China property

Gucci the latest luxury brand to diversify into food and beverages in Asia-wide trend

PUBLISHED : Tuesday, 03 November, 2015, 10:04am
UPDATED : Tuesday, 03 November, 2015, 10:52pm

Luxury brands have begun to expand beyond their core but saturated fashion businesses into the food and beverage sector in Asia.

Iconic fashion brand Gucci, for example, opened 1921 Gucci in Shanghai iAPM, which is owned by Sun Hung Kai Properties in the Puxi district of the city.

“This is the luxury brand’s first fine dining restaurant in the world,” Maureen Fung Sau-yim, director of Sun Hung Kai Development (China), a unit of Sun Hung Kai Properties.

The 360 square metres shop has received a good response since opening about three months ago, said Fung.

The luxury restaurant is aimed to enhancing customers’ intrinsic aspirations which plays a role in luxury consumer behaviour. It would become part of a trend as mainland Chinese have been changing their shopping habits, she added.

Adding an F&B component in stores enables luxury retailers to provide their consumers with a more complete experience in which they can shop, relax and socialise, said international property consultant CBRE.

It cited another example in Cafe Dior by Pierre Hermé on the top floor of Christian Dior’s flagship store in Seoul.
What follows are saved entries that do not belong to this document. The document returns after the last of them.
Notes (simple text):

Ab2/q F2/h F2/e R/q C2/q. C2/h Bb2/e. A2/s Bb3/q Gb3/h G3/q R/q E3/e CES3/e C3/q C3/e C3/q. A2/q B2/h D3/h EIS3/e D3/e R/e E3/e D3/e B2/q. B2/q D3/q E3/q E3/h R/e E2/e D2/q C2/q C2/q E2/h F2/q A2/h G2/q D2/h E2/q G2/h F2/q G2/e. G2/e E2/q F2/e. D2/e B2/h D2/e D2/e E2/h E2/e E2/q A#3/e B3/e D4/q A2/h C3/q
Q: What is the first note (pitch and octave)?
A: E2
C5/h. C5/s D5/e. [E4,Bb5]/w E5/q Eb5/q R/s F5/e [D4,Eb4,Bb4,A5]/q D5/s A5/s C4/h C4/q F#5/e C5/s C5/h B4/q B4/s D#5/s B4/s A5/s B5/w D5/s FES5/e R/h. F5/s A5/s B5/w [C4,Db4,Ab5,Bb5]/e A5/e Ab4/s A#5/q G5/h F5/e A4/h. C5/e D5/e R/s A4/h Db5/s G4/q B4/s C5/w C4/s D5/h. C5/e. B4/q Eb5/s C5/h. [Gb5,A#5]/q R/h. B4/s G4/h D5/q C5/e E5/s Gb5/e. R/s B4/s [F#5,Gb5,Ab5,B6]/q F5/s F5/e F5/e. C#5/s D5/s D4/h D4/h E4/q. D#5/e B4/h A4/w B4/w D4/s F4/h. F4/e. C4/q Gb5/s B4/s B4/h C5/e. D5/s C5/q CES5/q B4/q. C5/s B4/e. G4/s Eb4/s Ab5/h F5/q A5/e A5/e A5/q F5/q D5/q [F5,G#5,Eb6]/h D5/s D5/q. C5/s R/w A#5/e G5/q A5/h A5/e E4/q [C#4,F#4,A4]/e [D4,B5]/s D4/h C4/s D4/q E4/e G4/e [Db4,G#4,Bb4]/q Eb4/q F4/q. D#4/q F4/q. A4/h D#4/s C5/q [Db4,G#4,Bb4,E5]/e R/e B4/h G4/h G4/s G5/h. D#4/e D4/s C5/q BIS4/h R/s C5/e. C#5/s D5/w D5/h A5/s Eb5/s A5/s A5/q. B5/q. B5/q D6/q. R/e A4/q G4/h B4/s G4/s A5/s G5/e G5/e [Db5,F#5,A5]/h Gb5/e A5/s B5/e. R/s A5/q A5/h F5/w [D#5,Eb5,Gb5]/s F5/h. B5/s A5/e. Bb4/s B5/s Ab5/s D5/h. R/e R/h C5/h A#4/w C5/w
It helps transition the brand from being totally fashion-oriented to more lifestyle-driven.

In its report known as The Future of Luxury Retail in Asia Pacific, CBRE said most major luxury retailers are now well established in the Asia Pacific region with mainland China and Hong Kong being two of the most penetrated markets at 89 per cent and 81 per cent, respectively.

“However, the high growth period for luxury retailers in the region is gradually coming to an end,” said Henry Chin, Head of Research, CBRE Asia Pacific.
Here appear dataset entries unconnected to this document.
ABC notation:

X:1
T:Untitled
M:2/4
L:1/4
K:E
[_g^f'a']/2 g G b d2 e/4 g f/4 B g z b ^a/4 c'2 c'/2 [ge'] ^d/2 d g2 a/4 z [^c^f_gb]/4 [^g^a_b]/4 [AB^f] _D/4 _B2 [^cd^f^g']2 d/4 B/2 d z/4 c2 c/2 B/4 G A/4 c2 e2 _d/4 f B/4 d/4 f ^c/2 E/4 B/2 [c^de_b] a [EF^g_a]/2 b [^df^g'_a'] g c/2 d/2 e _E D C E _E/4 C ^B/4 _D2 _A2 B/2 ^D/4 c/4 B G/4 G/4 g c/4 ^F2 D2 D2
Apart from food and beverage, CBRE has identified other emerging trends such as childrens’ wear and the growth of the affordable sector, anticipating that they will partially offset some of the negative effects caused by China’s slowdown and compensate for the loss of demand.

As of 2014, Asia Pacific was home to 807 million people aged below 14, representing more than 20 per cent of the total population, offering an enormous opportunity for growth in this segment.